■ Task to carry out
Pictures stay out. All the rest of the records must be repeated exactly.

■ Data records
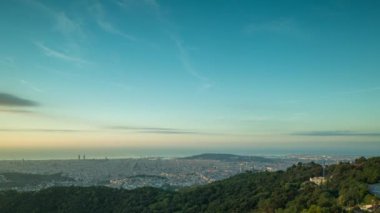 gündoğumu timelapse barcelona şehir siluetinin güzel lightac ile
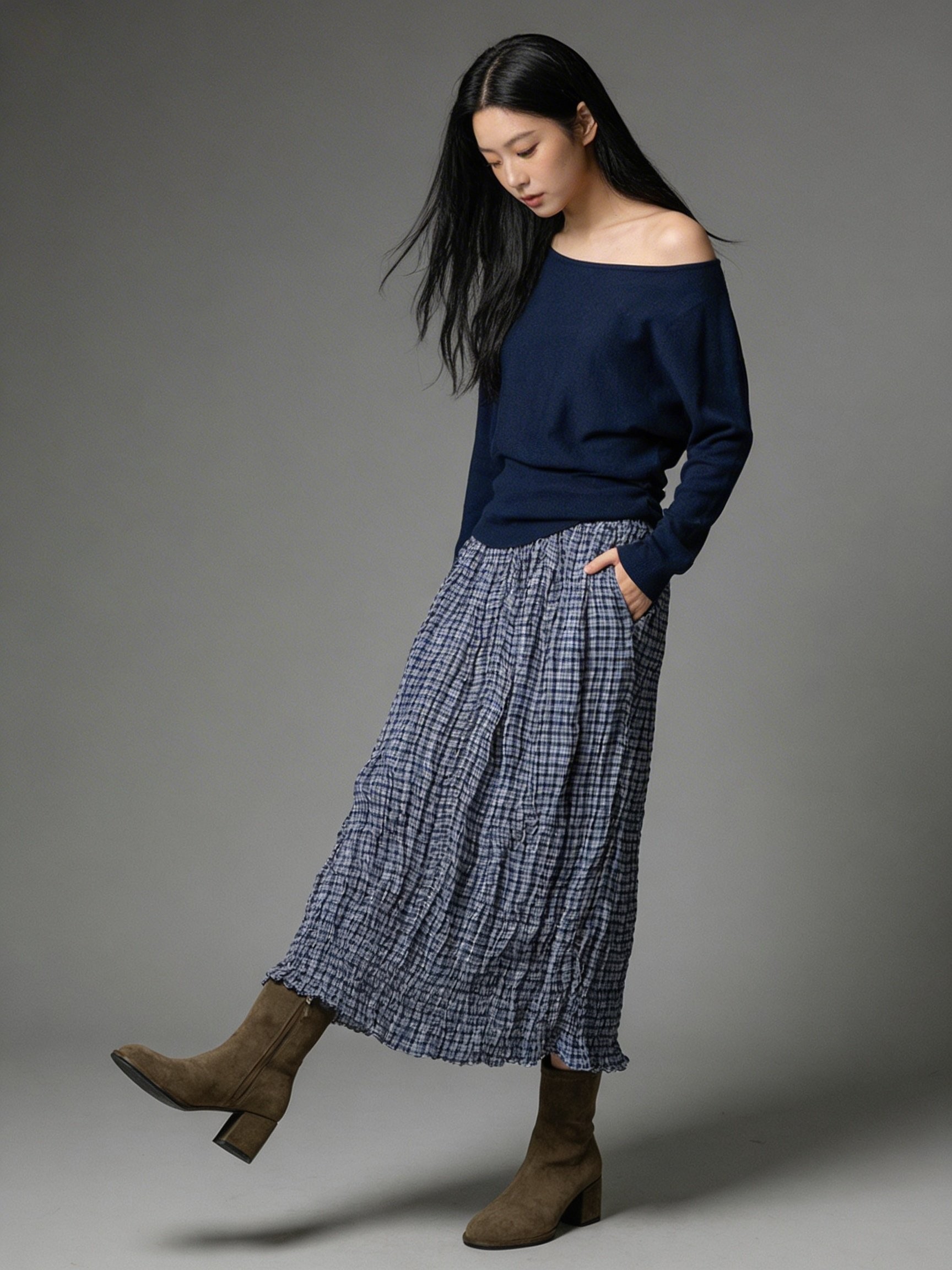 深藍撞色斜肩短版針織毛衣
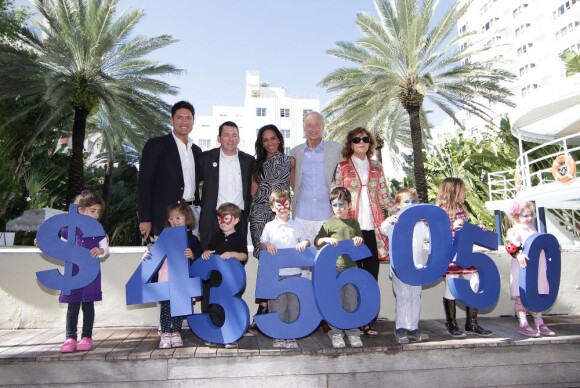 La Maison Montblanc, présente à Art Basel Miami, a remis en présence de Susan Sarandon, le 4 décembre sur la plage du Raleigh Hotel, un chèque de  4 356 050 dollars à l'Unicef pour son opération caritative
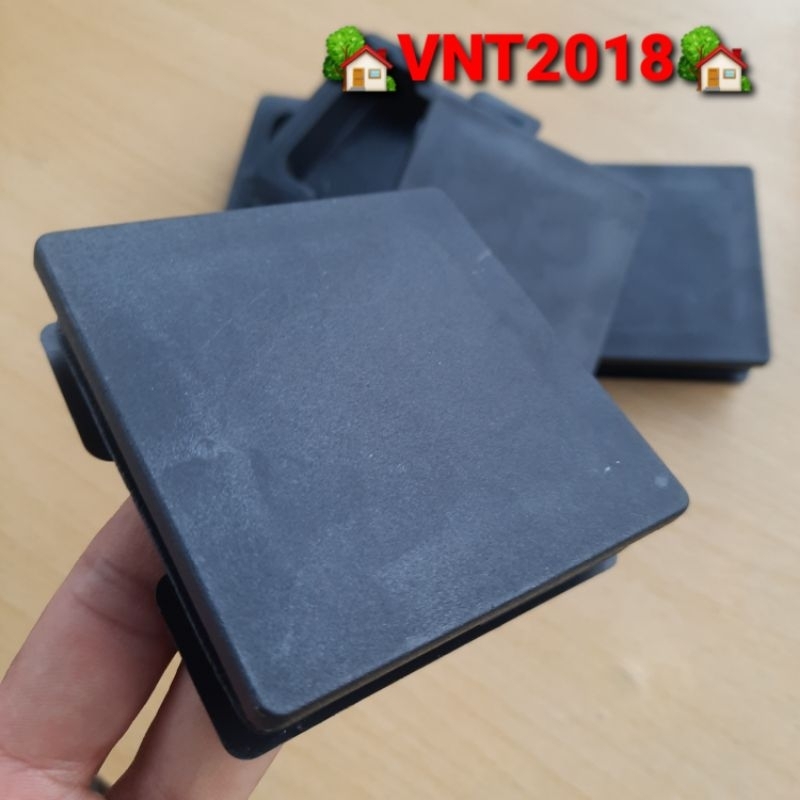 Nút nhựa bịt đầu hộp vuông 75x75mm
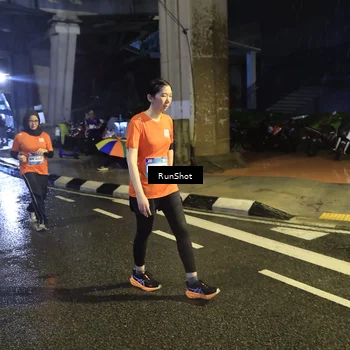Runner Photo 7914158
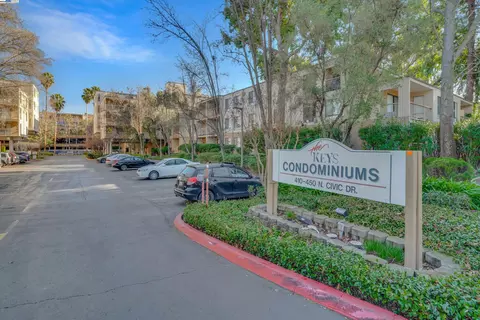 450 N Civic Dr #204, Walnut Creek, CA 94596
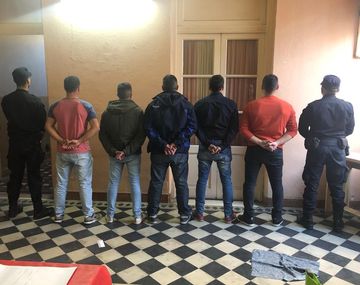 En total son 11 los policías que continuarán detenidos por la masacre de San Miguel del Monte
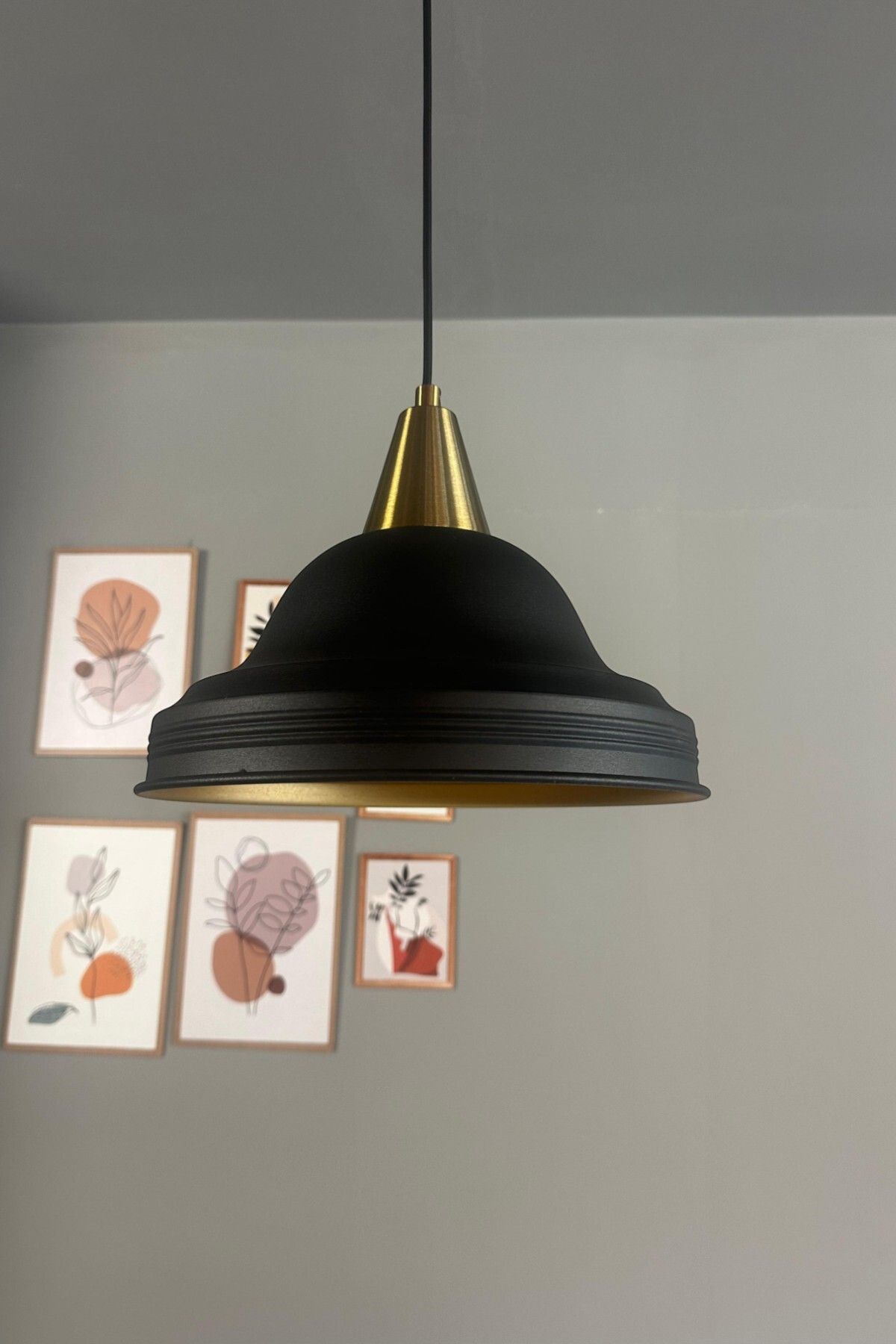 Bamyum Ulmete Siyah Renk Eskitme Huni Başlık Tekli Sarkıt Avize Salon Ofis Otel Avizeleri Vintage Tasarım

■ Your response
 gündoğumu timelapse barcelona şehir siluetinin güzel lightac ile
 深藍撞色斜肩短版針織毛衣
 La Maison Montblanc, présente à Art Basel Miami, a remis en présence de Susan Sarandon, le 4 décembre sur la plage du Raleigh Hotel, un chèque de  4 356 050 dollars à l'Unicef pour son opération caritative
 Nút nhựa bịt đầu hộp vuông 75x75mm
Runner Photo 7914158
 450 N Civic Dr #204, Walnut Creek, CA 94596
 En total son 11 los policías que continuarán detenidos por la masacre de San Miguel del Monte
 Bamyum Ulmete Siyah Renk Eskitme Huni Başlık Tekli Sarkıt Avize Salon Ofis Otel Avizeleri Vintage Tasarım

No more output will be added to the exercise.